_SUPPLIED MATERIAL_
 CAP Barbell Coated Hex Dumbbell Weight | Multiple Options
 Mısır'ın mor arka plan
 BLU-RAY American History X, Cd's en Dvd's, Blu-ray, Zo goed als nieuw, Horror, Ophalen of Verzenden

---

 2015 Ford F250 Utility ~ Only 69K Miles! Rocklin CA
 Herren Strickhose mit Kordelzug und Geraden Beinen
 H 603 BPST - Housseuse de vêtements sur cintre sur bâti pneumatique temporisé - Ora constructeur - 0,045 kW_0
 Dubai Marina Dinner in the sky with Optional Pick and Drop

_EXERCISE AIM_
Scan the listing above for the line that has "Mısır'ın mor arka plan", then copy exactly from that line through the line that has "BLU-RAY American History".

_RESULT OF THIS EXERCISE_
 Mısır'ın mor arka plan
 BLU-RAY American History X, Cd's en Dvd's, Blu-ray, Zo goed als nieuw, Horror, Ophalen of Verzenden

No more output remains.